Casimiro López. Obispo de la Diócesis Segorbe-Castellón.
Durante la cuaresma hemos peregrinado hacia la Pascua. La Semana santa ha sido su última etapa y el Triduo Pascual su meta; en él celebramos la pasión, muerte y resurrección del Señor. Las tres son inseparables: el Jesús que padeció y murió, ha resucitado y vive para siempre. Todo ha sucedido por nosotros, por nuestros pecados, para nuestra redención y para nuestra salvación; para que todo el que cree en él tenga vida eterna, la vida misma de Dios, que es fuente de alegría, aliento y esperanza.
Pascua significa el paso del Señor Jesús a través de la muerte a la vida gloriosa, para liberarnos de la esclavitud del pecado y de la muerte, de la tristeza y del egoísmo, de la indiferencia hacia Dios y hacia el prójimo. Sin resurrección, la pasión y la muerte quedarían incompletas; serían la expresión de un fracaso. Pero Cristo ha resucitado. Es un hecho real, que, sucedido en la historia, traspasa el tiempo y el espacio. No es una vuelta a esta vida para volver a morir, sino el paso a nueva forma de vida, gloriosa y eterna. Tampoco es fruto de la fantasía de unas mujeres crédulas o de la profunda frustración de sus discípulos. La Resurrección de Jesús es un acontecimiento histórico y real, que sucede una vez y para siempre. El que murió bajo Poncio Pilato, éste y no otro, es el Señor resucitado. Jesucristo vive glorioso y para siempre.
Este Jesús, crucificado y muerto en la Cruz, una vez resucitado, salió al encuentro de sus discípulos: se les apareció y se dejó ver por ellos, caminó y comió con ellos. A Tomás, que dudaba de lo que le decían sus compañeros, le invitó Jesús Resucitado a tocar las llagas de sus manos y meter su mano en la hendidura de su costado. Y Tomás creyó que el Resucitado era el mismo que el Crucificado. Los discípulos se encontraron personalmente y en grupo con él Señor. Fue un encuentro real, con una persona viva, y no una fantasía.

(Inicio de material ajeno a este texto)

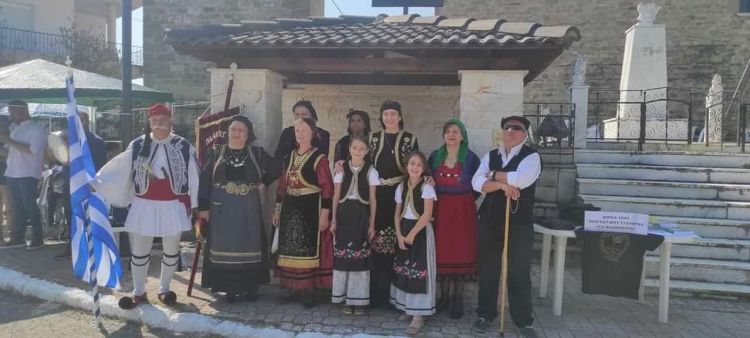 Το Παλαιοχώρι γιόρτασε…. με χορό και με τραγούδι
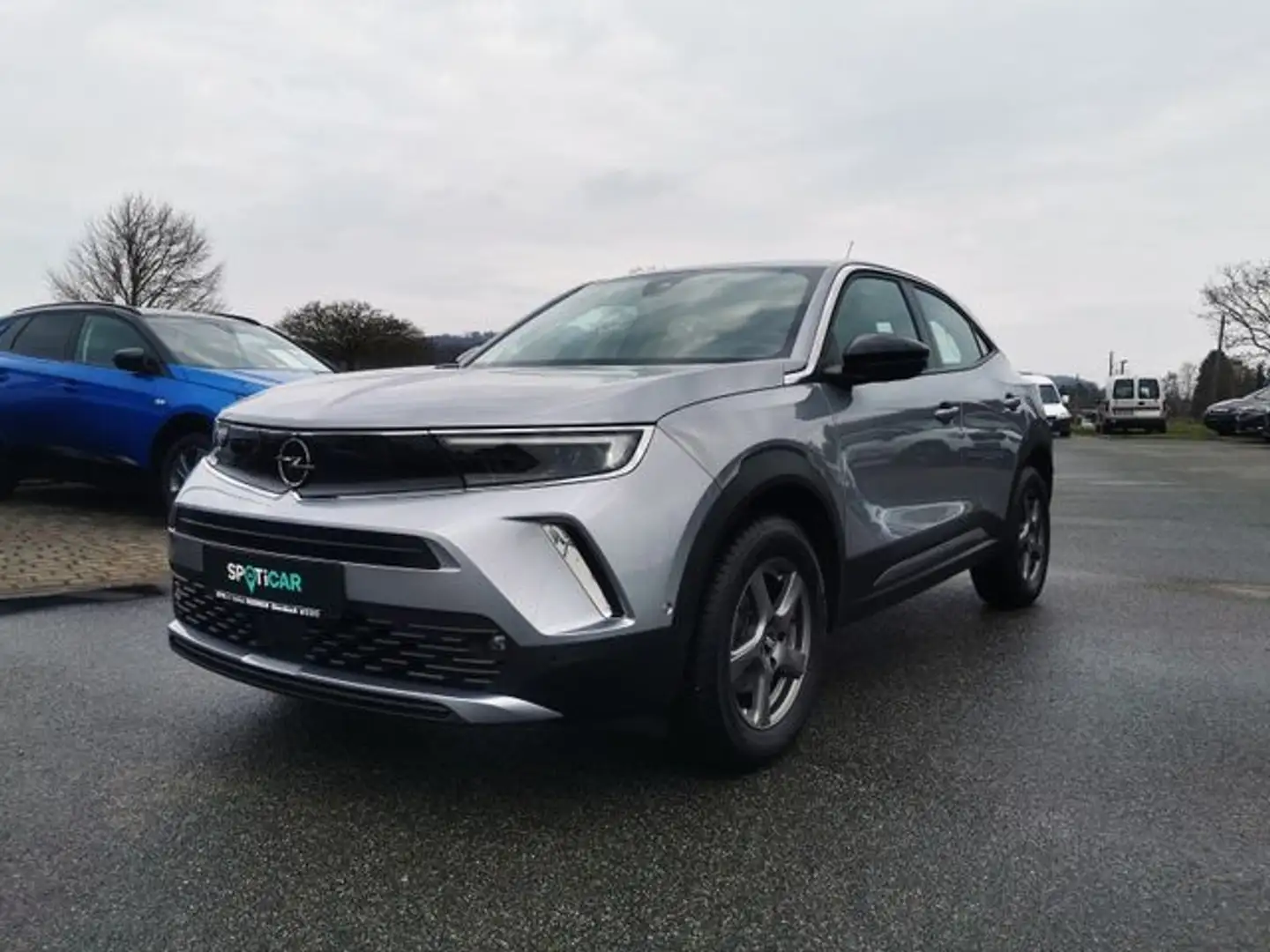 Opel Mokka Mokka 1.2 Turbo Elegance Grau - 1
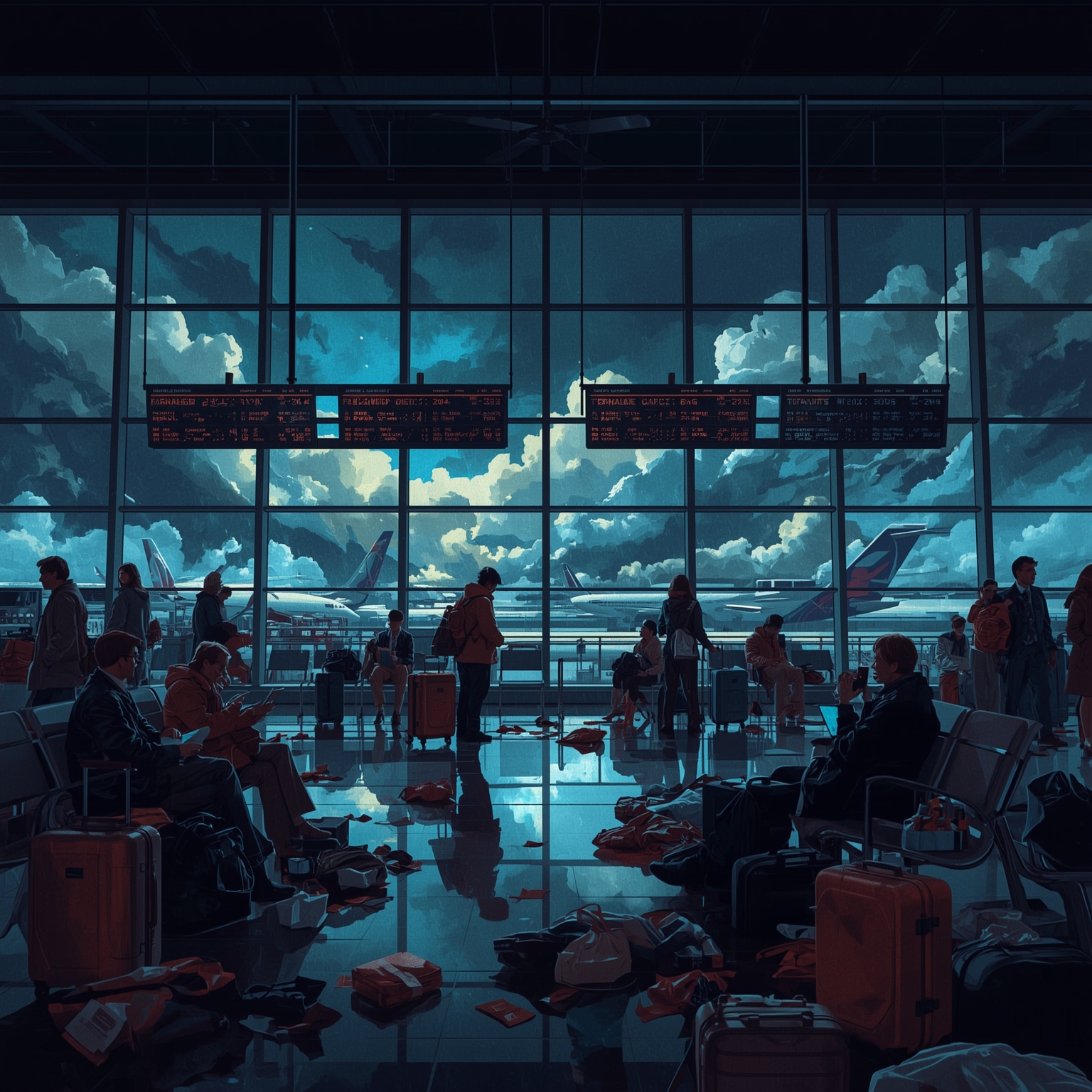 Caught in Flight Chaos? Business Insider Wants Your Travel Nightmare Stories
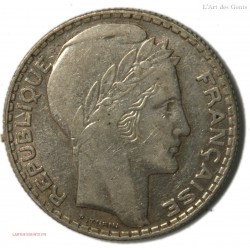 Turin 10 francs 1937 TTB, lartdesgents.fr
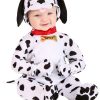 Fantasia de Dálmata para Bebês – Baby Dapper Dalmatian Costume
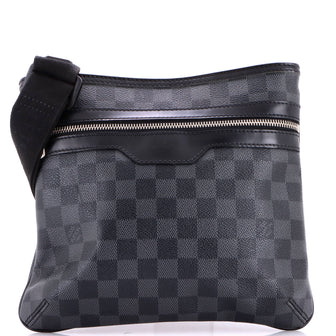 Louis Vuitton Thomas Handbag Damier Graphite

Esta experiencia fue tan penetrante y envolvente que tocó a sus personas en su mismo centro vital y desde ahí quedaron sobrecogidos: y pasaron del miedo a la alegría, de la decepción a la esperanza. Toda su vida quedó transformada cualitativa y definitivamente; y quedaron cambiadas todas las dimensiones de su existencia y su comportamiento individual y comunitario. Este encuentro les movilizó e impulsó a contar lo que han vivido y experimentado con temple y aguante. Este encuentro es tan fuerte que hace de ellos la comunidad de discípulos misioneros del Señor, que nada ni nadie podrá ya parar.
Como en el caso de los primeros discípulos, el Señor resucitado está presente hoy en nuestra vida. Él nos invita a todos a dejarnos encontrar o reencontrar personalmente por el para fortalecer o recuperar la alegría de la Pascua: la alegría de sabernos amados personal e infinitamente por Dios en su Hijo, Jesús, crucificado y resucitado, para que en Él tengamos vida. Este encuentro es posible: el Resucitado nos espera especialmente en los pobres, en su Iglesia, en su Palabra, en la Eucaristía y en el sacramento de la Penitencia, en la oración, en la comunidad de su Iglesia.
Para que nuestra alegría pascual sea completa, hemos de dejarnos encontrar por el Señor resucitado, para morir a nuestro pecado y dejarnos reconciliar por Dios; sólo así podremos resucitar también con Él a una nueva vida, ya ahora. Es la vida de comunión con Dios y con los demás que lleva a promover la vida y la dignidad de todo ser humano, al compromiso por una civilización del amor y a vivir con esperanza. Dejemos que el Resucitado entre en nuestra vida y la transforme.